- _What you have to do_:
Only a number is required: how many lines of the material contain the string "with".
==============================
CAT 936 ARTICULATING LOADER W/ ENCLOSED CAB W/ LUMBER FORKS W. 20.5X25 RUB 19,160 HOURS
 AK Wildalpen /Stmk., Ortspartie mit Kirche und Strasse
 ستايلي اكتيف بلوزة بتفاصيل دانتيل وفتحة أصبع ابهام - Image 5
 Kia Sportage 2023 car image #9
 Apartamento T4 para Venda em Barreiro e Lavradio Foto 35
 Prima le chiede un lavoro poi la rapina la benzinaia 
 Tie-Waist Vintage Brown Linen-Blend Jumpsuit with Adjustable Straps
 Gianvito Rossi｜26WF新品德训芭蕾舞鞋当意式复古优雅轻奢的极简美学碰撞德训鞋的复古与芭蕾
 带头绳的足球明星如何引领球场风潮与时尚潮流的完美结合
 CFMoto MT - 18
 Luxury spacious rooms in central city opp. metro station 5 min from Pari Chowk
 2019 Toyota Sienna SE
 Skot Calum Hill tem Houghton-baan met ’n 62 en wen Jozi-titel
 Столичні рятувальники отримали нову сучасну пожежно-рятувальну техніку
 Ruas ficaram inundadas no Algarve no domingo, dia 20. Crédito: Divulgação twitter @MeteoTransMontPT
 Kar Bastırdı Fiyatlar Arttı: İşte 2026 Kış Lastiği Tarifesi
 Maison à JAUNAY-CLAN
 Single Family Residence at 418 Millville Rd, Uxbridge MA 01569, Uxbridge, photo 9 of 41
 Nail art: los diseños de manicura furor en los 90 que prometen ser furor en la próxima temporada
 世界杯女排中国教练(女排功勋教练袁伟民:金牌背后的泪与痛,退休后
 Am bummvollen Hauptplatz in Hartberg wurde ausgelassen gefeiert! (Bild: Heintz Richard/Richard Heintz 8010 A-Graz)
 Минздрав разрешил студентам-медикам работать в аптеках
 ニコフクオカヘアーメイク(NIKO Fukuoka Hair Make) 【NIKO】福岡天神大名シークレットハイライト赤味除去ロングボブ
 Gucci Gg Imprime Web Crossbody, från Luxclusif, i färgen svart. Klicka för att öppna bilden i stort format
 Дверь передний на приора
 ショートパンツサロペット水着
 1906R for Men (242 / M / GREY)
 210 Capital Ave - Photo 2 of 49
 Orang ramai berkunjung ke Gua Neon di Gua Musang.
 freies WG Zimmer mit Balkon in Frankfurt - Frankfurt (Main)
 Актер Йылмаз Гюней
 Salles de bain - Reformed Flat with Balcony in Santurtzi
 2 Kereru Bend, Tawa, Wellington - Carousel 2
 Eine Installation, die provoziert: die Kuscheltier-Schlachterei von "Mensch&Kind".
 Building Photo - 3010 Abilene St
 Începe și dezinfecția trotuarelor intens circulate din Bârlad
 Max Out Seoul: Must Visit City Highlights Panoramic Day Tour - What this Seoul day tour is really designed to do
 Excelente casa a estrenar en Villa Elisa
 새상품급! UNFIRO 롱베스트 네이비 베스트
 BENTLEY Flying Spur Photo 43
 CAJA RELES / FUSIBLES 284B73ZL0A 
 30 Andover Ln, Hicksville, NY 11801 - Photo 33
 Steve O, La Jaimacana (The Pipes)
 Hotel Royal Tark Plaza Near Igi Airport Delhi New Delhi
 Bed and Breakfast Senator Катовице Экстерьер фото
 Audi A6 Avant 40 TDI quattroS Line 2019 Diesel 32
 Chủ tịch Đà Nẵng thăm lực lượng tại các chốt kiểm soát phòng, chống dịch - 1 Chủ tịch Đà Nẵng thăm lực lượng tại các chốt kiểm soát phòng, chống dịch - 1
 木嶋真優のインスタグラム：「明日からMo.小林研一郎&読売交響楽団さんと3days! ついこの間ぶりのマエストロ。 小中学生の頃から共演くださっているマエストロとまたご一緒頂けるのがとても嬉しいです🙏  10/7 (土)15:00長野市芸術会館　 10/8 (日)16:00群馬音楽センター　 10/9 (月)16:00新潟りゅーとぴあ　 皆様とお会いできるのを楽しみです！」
==============================
- _Answer area_:
2